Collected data
************

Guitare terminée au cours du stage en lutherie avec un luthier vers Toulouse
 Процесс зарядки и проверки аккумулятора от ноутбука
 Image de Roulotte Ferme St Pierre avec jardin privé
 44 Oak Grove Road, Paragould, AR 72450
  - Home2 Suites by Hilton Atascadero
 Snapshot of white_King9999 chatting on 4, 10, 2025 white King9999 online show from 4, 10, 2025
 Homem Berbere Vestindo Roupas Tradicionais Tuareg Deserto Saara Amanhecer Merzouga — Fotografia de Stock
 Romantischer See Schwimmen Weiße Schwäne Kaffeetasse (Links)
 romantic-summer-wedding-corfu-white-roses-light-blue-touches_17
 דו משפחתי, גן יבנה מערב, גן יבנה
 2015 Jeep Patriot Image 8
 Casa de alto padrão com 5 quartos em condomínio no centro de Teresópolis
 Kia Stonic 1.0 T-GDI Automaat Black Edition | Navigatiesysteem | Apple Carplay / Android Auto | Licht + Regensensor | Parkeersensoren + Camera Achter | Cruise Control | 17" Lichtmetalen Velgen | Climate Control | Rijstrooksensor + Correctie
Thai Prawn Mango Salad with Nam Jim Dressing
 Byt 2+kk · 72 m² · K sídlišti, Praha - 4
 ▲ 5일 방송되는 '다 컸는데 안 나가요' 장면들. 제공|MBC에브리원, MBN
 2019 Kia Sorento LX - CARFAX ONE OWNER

************

◆ WHAT YOU WILL DO:
Print each line above exactly as it stands.

◆ ANSWER SECTION:
Guitare terminée au cours du stage en lutherie avec un luthier vers Toulouse
 Процесс зарядки и проверки аккумулятора от ноутбука
 Image de Roulotte Ferme St Pierre avec jardin privé
 44 Oak Grove Road, Paragould, AR 72450
  - Home2 Suites by Hilton Atascadero
 Snapshot of white_King9999 chatting on 4, 10, 2025 white King9999 online show from 4, 10, 2025
 Homem Berbere Vestindo Roupas Tradicionais Tuareg Deserto Saara Amanhecer Merzouga — Fotografia de Stock
 Romantischer See Schwimmen Weiße Schwäne Kaffeetasse (Links)
 romantic-summer-wedding-corfu-white-roses-light-blue-touches_17
 דו משפחתי, גן יבנה מערב, גן יבנה
 2015 Jeep Patriot Image 8
 Casa de alto padrão com 5 quartos em condomínio no centro de Teresópolis
 Kia Stonic 1.0 T-GDI Automaat Black Edition | Navigatiesysteem | Apple Carplay / Android Auto | Licht + Regensensor | Parkeersensoren + Camera Achter | Cruise Control | 17" Lichtmetalen Velgen | Climate Control | Rijstrooksensor + Correctie
Thai Prawn Mango Salad with Nam Jim Dressing
 Byt 2+kk · 72 m² · K sídlišti, Praha - 4
 ▲ 5일 방송되는 '다 컸는데 안 나가요' 장면들. 제공|MBC에브리원, MBN
 2019 Kia Sorento LX - CARFAX ONE OWNER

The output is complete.